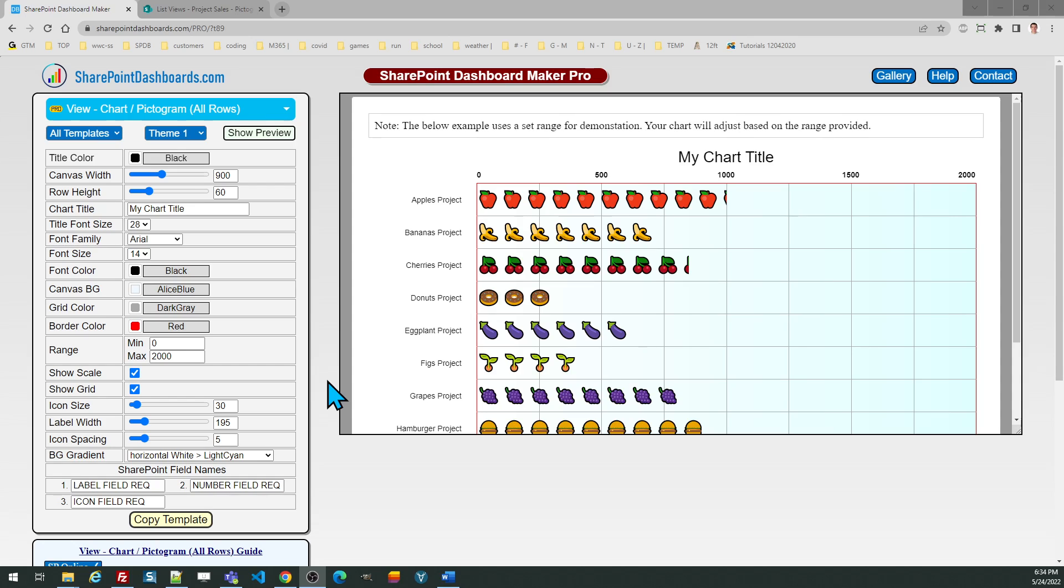This particular template uses emoji icons. There are several hundred emoji icons to pick from, so you can browse from any emoji library and pick one that's representative of what you're tracking.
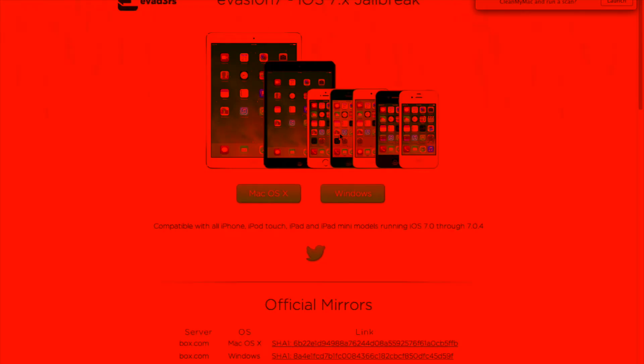What's up guys, in this video I'm going to be showing you how to jailbreak your iOS 7 device. What you're going to want to do is go to evasion.com and download the jailbreak for Mac OS X or Windows. This does work for the iPhone 4, as you can see right here.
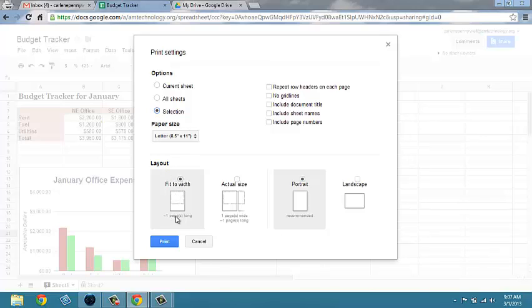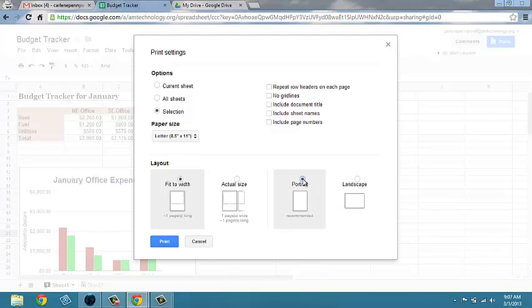On the layout, you'll note that it will tell you when you select fit to width or actual size how many pages it will take to print, and you have the option to change it from portrait to landscape.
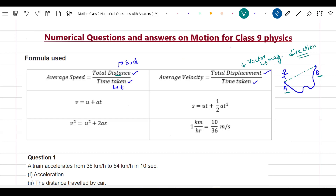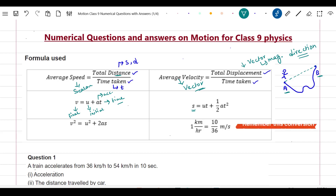Similarly, average speed is a scalar quantity. Now, the equations of motion are: first, V equals U plus AT, where U is the initial velocity, V is the final velocity, A is the acceleration, and T is the time. Second, S equals UT plus half AT squared, where S is the displacement. Third, V squared equals U squared plus 2AS, where all these quantities have their usual meaning.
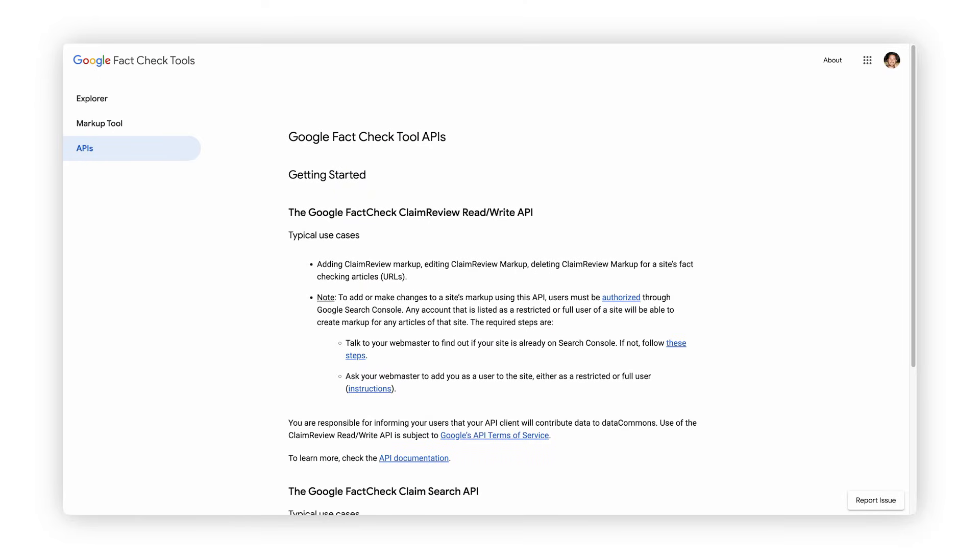You can find out more about all of these options at claimreviewproject.com. Using the API is a little bit more complex. If you are familiar with APIs, you can generate an API key by going to the Google Cloud Platform, creating a project, and enabling the Claim Review API. You can add, edit, or delete Claim Reviews from your organization through the API if you are authorized. With the API, you can also search all the fact-checks and ask specific questions, and this might be useful for researchers in particular.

· · ·

▶ [WHAT IS EXPECTED]: The response should hold only an exact retyping of the lines from the beginning of the data through the line containing "On the layout, you'll", both ends kept, pictures omitted.

▶ [SOLUTION BELOW]:
This particular template uses emoji icons. There are several hundred emoji icons to pick from, so you can browse from any emoji library and pick one that's representative of what you're tracking.
What's up guys, in this video I'm going to be showing you how to jailbreak your iOS 7 device. What you're going to want to do is go to evasion.com and download the jailbreak for Mac OS X or Windows. This does work for the iPhone 4, as you can see right here.
On the layout, you'll note that it will tell you when you select fit to width or actual size how many pages it will take to print, and you have the option to change it from portrait to landscape.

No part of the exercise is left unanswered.